- Lila Says film poster
- Directed by: Ziad Doueiri
- Written by: "Chimo" (novel) Ziad Doueiri
- Produced by: Marina Gefter
- Starring: Vahina Giocante Mohammed Khouas
- Cinematography: John Daly
- Edited by: Tina Baz
- Music by: Nitin Sawhney
- Distributed by: Pyramide Distribution
- Release dates: 1 November 2004 (London Film Festival); 26 January 2005 (France);
- Running time: 89 minutes
- Country: France
- Language: French

= Lila Says =

2004 film by Ziad Doueiri

Lila Says (French title: Lila dit ça) is a 2004 French film directed by Ziad Doueiri. The plot is based on the novel of the same title written by "Chimo" (a pseudonym).

==Plot==

Chimo (played by Mohammed Khouas) is a nineteen-year-old self-described loser who lives in an Arab ghetto with his mother in post-9/11 Marseille. Unemployed, he turns down an opportunity to study (free of charge) at a writers' school for teenagers in Paris despite showing real promise as a writer. Instead, he wastes his day hanging around with other unemployed and aimless "losers". He falls for Lila (Vahina Giocante), a beautiful blonde sixteen-year-old who just moved into the neighborhood with her eccentric and sexually abusive aunt. Lila is a self-styled "bad girl" who presents an overtly sexual persona; they begin a tentative romance after Lila invites him to look up her skirt while she rides a swing.

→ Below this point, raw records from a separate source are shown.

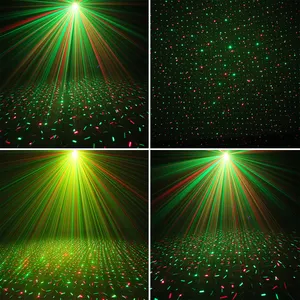 Eshininy-Mini R & G Laser Full Star Muster Projektor, DJ, Tanz, CD, Bar, Magic Ball, LED-Party, Weihnachten, Bühneneffekt, Lichtshow, Y10, 2 in 1 10 Hauptverkaufskugel Disco - №10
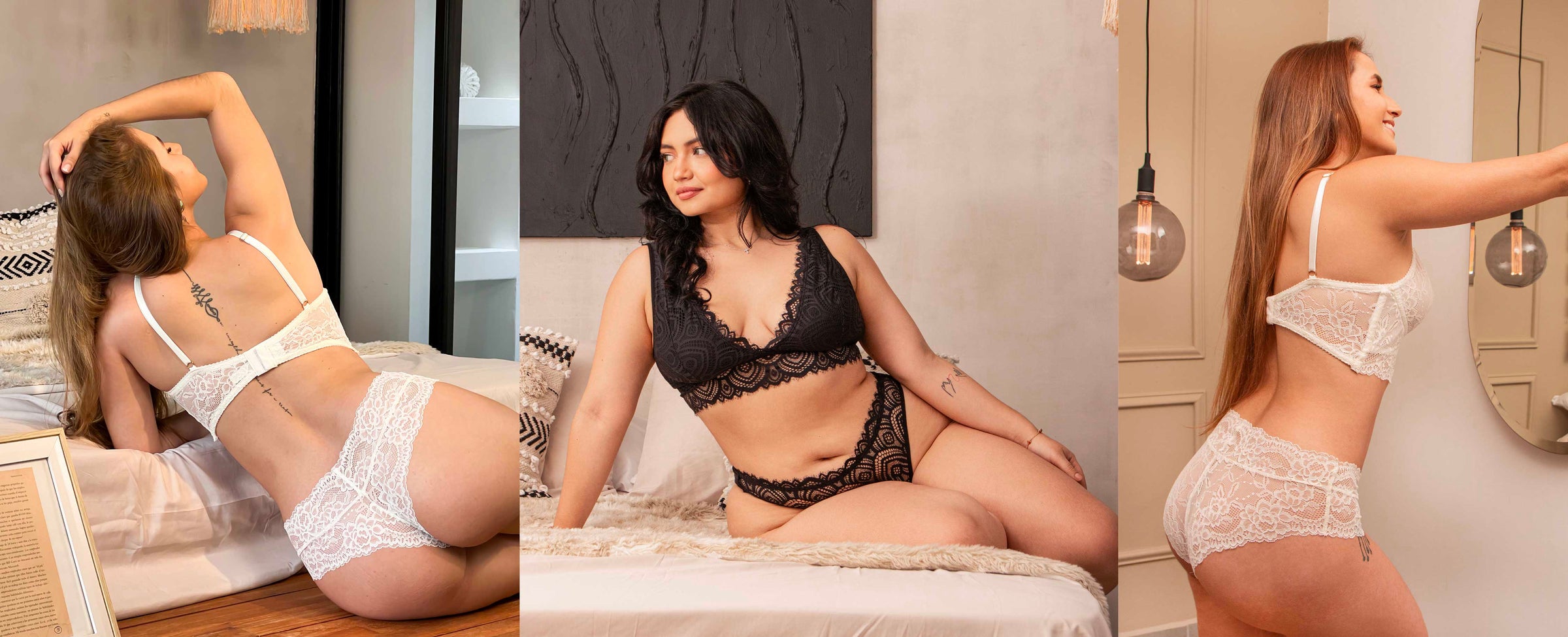 Conjuntos de ropa interior para mujer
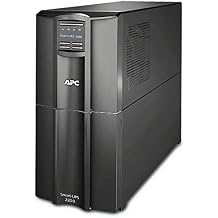 APC 2200VA Smart UPS with SmartConnect, SMT2200C Sinewave UPS Battery Backup, AVR, 120V, Line Interactive Uninterruptible Power Supply
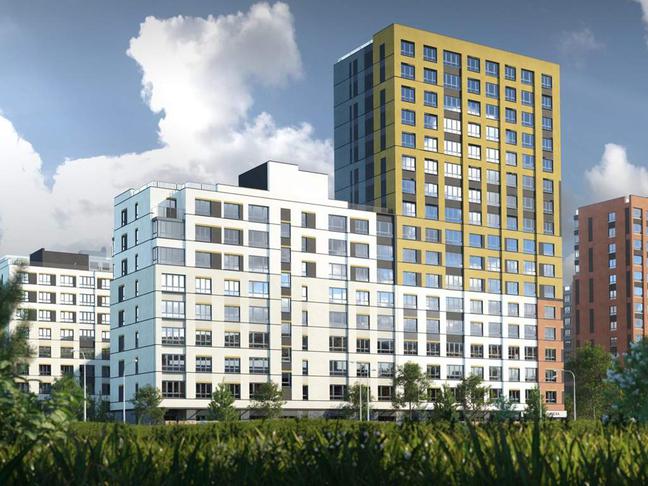 В микрорайоне Майский Старого Оскола собираются построить жилой комплекс на 1,5 тысячи квартир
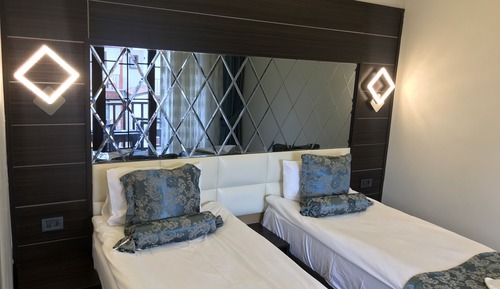 Suite estudio familiar, 2 habitaciones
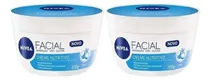 Comprar Kit 2 Creme Facial Nivea Nutritivo 5 Em 1 100gr  Nivea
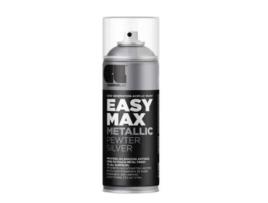 Spray Easy Max Acrílico Metálico Cosmos Lac 400 Ml (Prata 900)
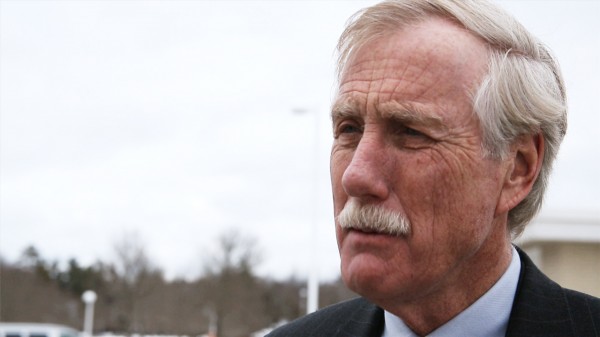 Sen. Angus King. Sen. Angus King.
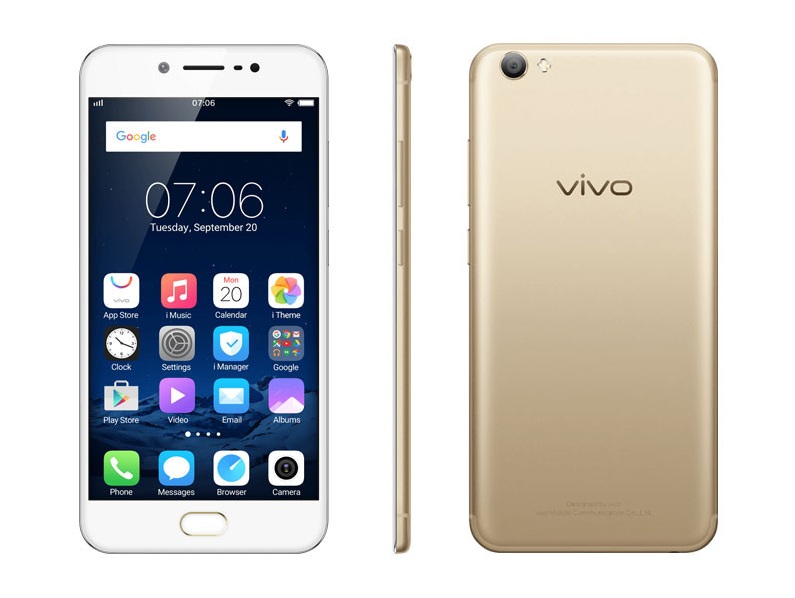 Harga Vivo V5s dan Spesifikasi, Masih Selfie Ganda dengan Memori Lebih Lega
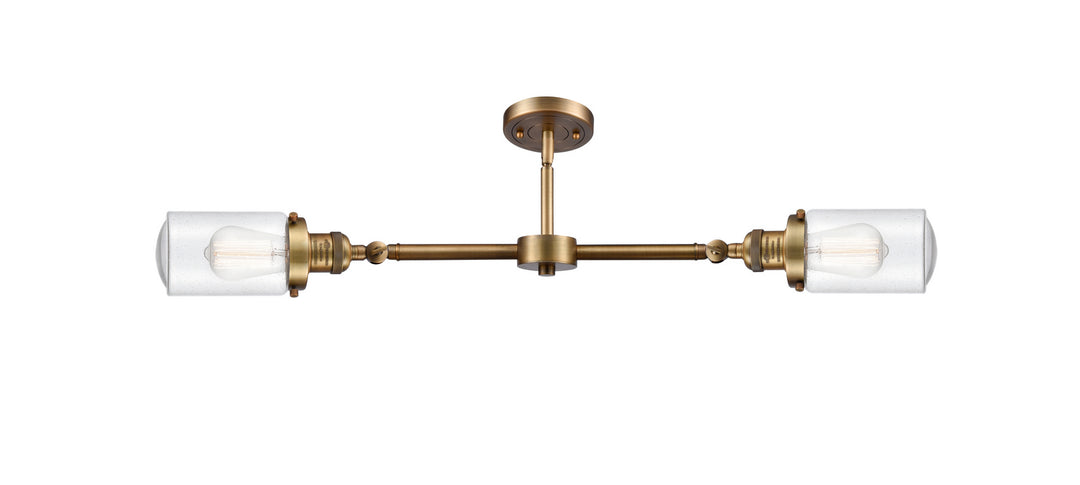 Innovations Franklin Restoration 209-BB-G314-LED Chandelier Light - Brushed Brass
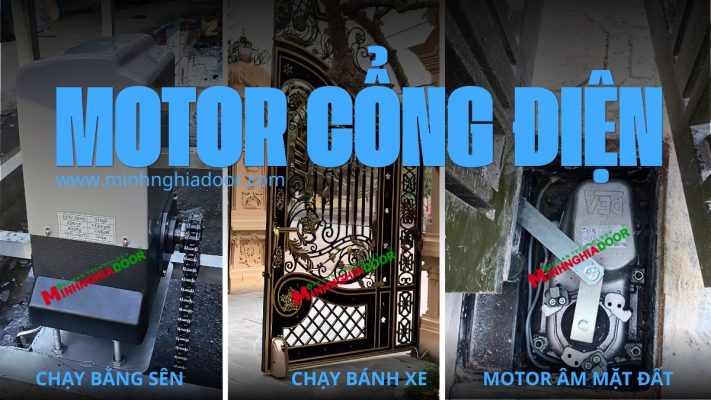 Motor cổng điện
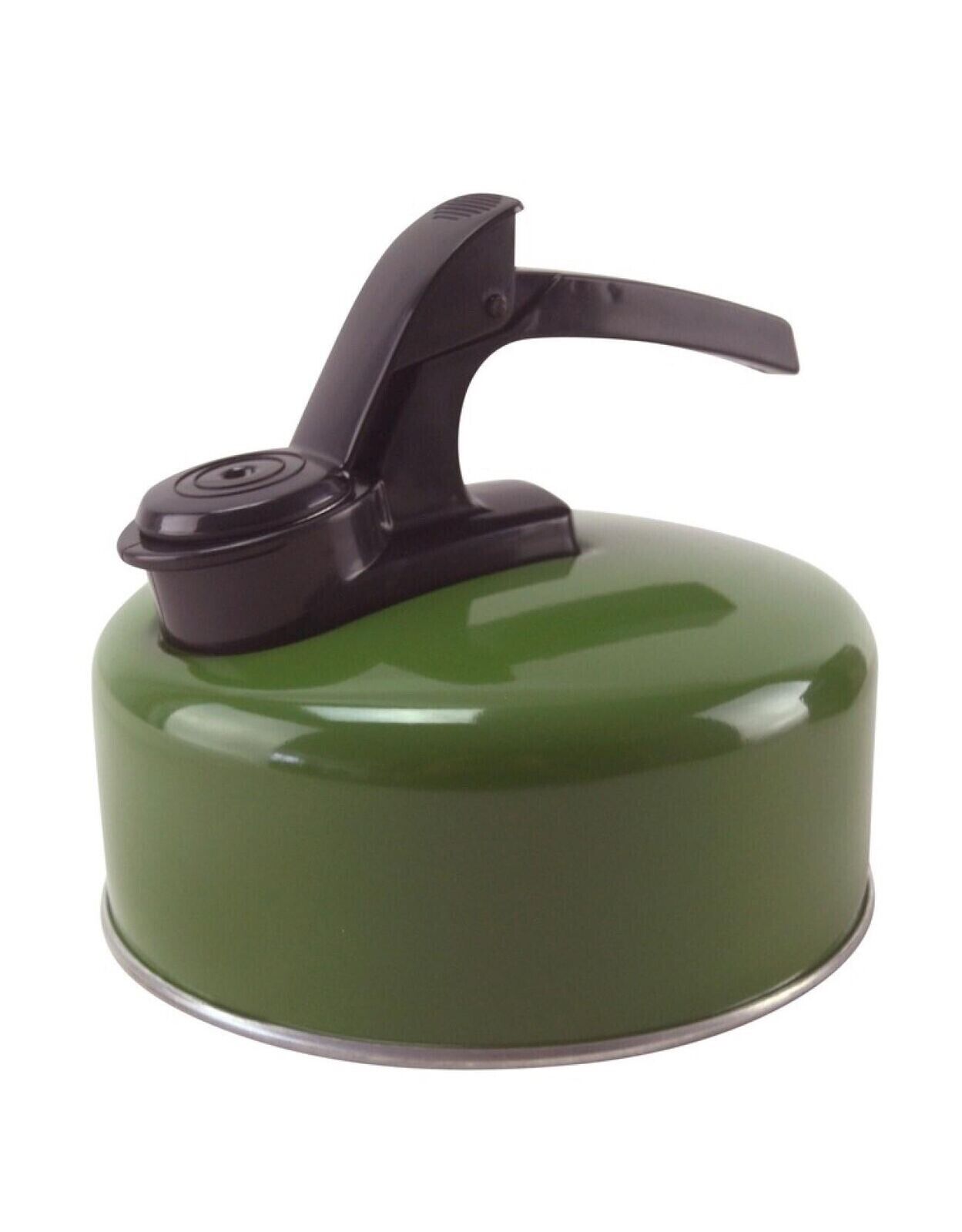 Kombat UK Tactical 1L Whistling Kettle Army Olive Green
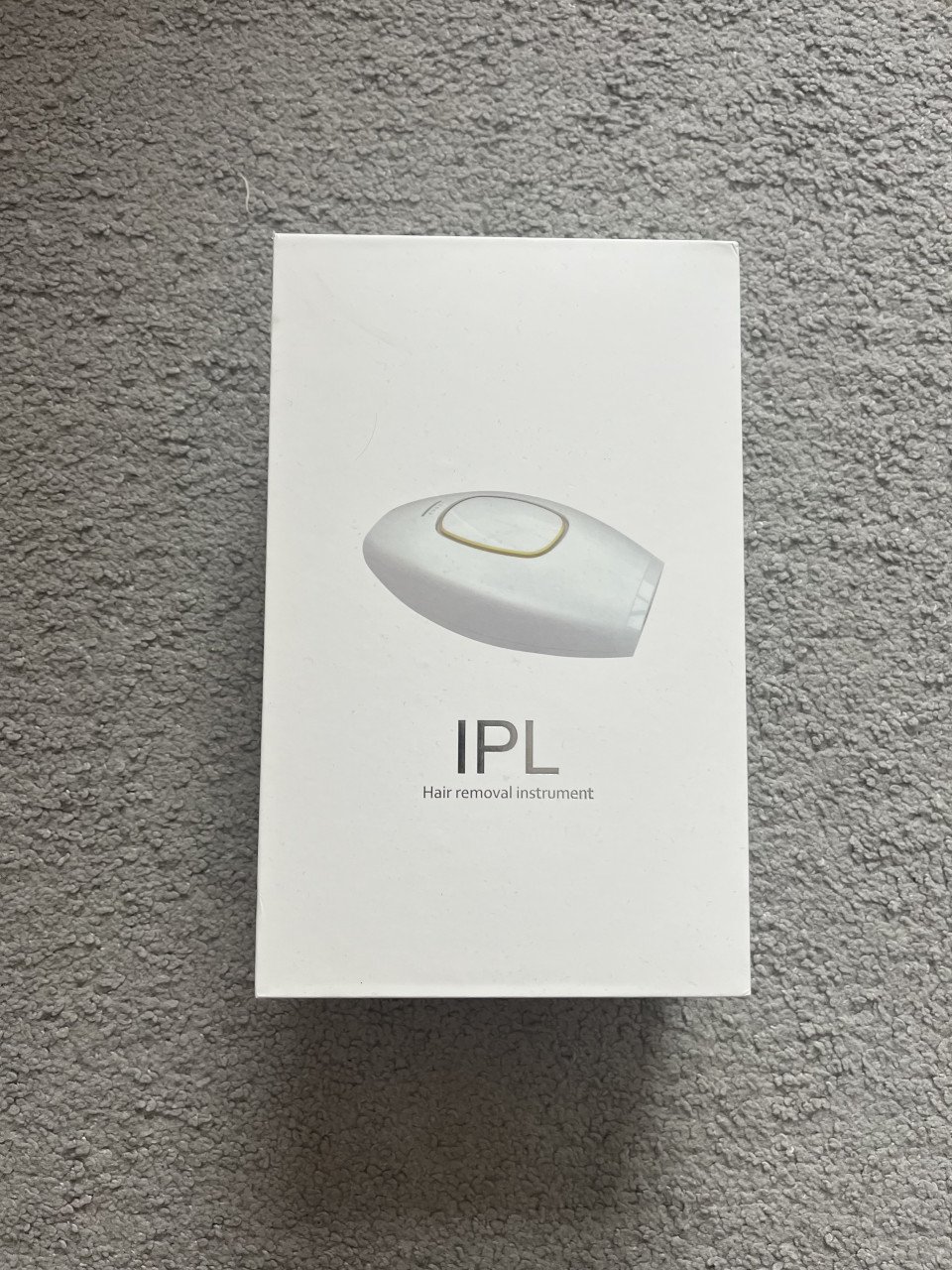IPL hair removal instrument
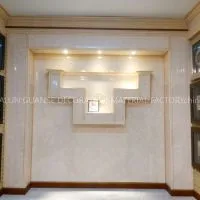 Hot Selling Home Wall Hotel Plastic Decorative Crown Moulding WPC Wall Panels Wall Cladding thumbnail-1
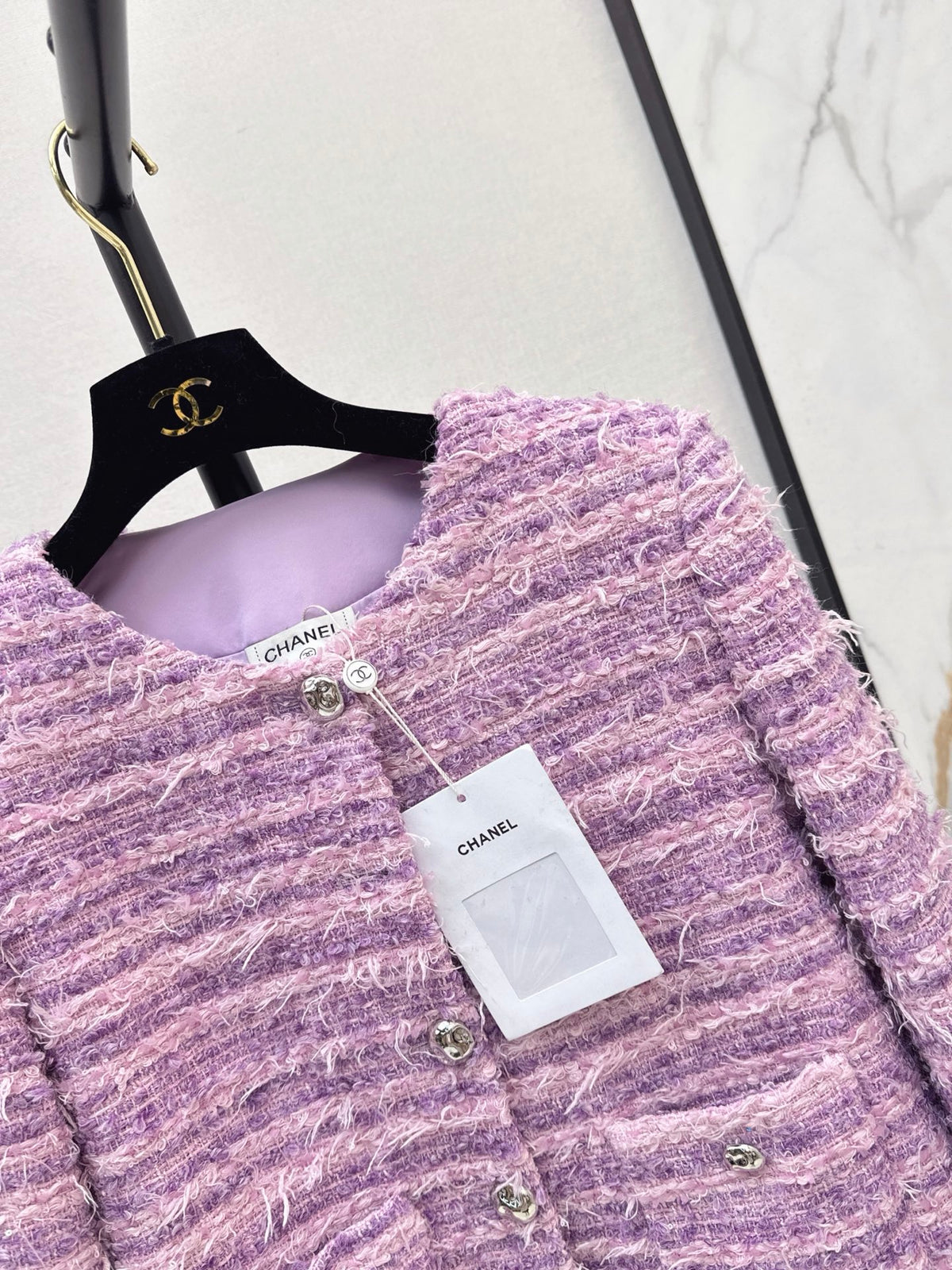 26FW New Crew-Neck Knit Jacket 💜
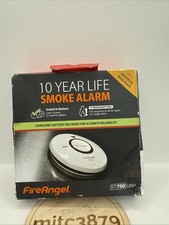 Fireangel ST-750 Thermoptek Smoke Alarm Expiry July 2028 10 Year Life Boxed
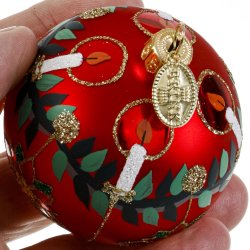 KUGLE 2026 JULESTJERNE 6 CM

Meanwhile, Mouloud (Karim Ben Haddou), Chimo's best friend and leader of their band of friends, also sets his sights on Lila. He begins to sexually harass Lila, not allowing her to walk the streets of the neighborhood unmolested. Chimo's disgust at Mouloud's behaviour towards Lila creates a huge rift between them. Mouloud, resentful of Chimo's changing attitude toward him and Lila's sexual indifference, vents his aggressions by attacking Lila and her aunt at home and raping Lila. Chimo is broken when he discovers Lila was in fact still a virgin, despite her stories of outrageous sexual adventures. This is confirmed by finding her scrapbook showing the sources of the titillating, but fictional, stories she told him. Lila is taken away by her aunt, leaving Chimo heartbroken. He eventually manages to convince a police detective to let him telephone Lila, whereupon he simply says "I love you" and she says "I know". As he remembers his experiences with Lila, he writes about them, winning the writing scholarship he scorned earlier, ultimately changing his life, allowing him to escape the poverty of his home city and to study among the best in Paris. Lila changed Chimo's world, as he did hers.

==Reception==
On Rotten Tomatoes the film has an approval rating of 68% based on reviews from 40 critics. The site's consensus was, "Lila Says is a vibrantly told coming-of-age story, helped by the sultry charisma of Giocante."

Owen Gleiberman of Entertainment Weekly gave it a grade B+ and called it "[An] unabashedly erotic cross-cultural love story."
Kevin Thomas of the Los Angeles Times wrote: "Raw, earthy yet tender and perceptive, Lila Says marks a strong directorial debut for Doueiri."

Derek Elley of Variety magazine called it "All tease and no delivery."